The International Monetary Fund (IMF) recommended on Tuesday that Morocco’s central bank, Bank Al-Maghrib (BAM), adopt inflation-targeting measures and that the Moroccan government broaden the tax base and reduce transfers to state-owned enterprises to strengthen fiscal stability.
The IMF’s recommendations come on the heels of this year’s 2025 Article IV consultations conducted by an IMF team led by Roberto Cardarelli with senior Moroccan government officials, BAM, and representatives of the public and private sectors, which took place in Rabat from January 27 to February 7.
With inflation stabilizing at around 2%, the IMF advised BAM to continue developing an inflation-targeting framework. The report noted that the bank’s current, neutral monetary policy remains appropriate, but future interest rate adjustments should be data-driven to maintain economic stability.
Morocco’s tax reforms have led to higher-than-expected revenues, helping to lower the fiscal deficit to 4.1% of GDP, below the 4.3% originally projected in the 2024 budget. However, the IMF highlighted the need for further fiscal adjustments to ensure sustainable debt reduction.
The report recommended that Morocco use additional tax revenues to accelerate debt reduction and bring it closer to pre-pandemic levels, to continue expanding the tax base and improve spending efficiency, to reduce public transfers to state-owned enterprises, and to extend the use of the Unified Social Registry (RSU) to enhance targeted social assistance.
The IMF highlighted the urgency of addressing unemployment, particularly for workers displaced from the agricultural sector due to recurring drought.
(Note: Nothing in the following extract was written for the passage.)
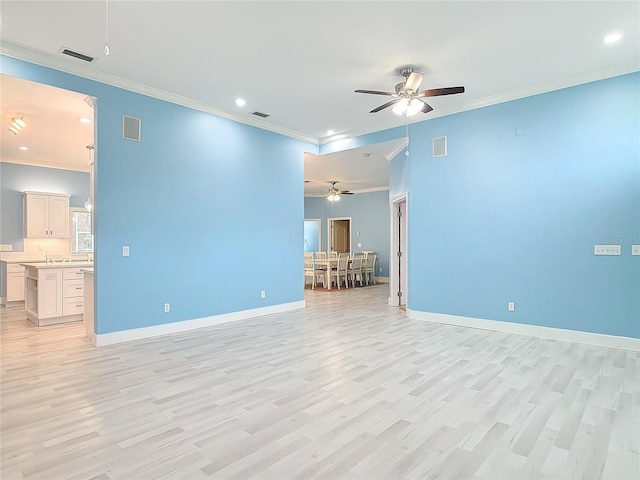 empty room featuring ornamental molding and light hardwood / wood-style flooring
It called for active labor market policies to support job transitions and workforce integration.
To boost small and medium-sized enterprises (SMEs) and encourage private sector growth, the IMF recommended strengthening SME support programs under the New Investment Charter, enhancing the role of regional investment centers to provide better financial and technical assistance, reforming the labor code, tax system, and regulatory framework to eliminate barriers preventing businesses from expanding and advancing the state-owned enterprise (SOE) reform to ensure fair competition among public and private firms.
The IMF commended Morocco for incorporating climate risk assessments into its medium-term fiscal planning. It also encouraged greater transparency in assessing the financial risks associated with Public-Private Partnerships (PPPs), particularly as Morocco expands the use of PPPs in infrastructure development projects.
During the consultations, Cardarelli applauded Morocco’s commitment to economic reforms and expressed the team’s appreciation for having had constructive discussions.
The IMF’s recommendations further Morocco’s long-term economic strategy that relies on monetary stability, fiscal discipline, and structural reforms to enhance economic resilience and drive sustainable growth.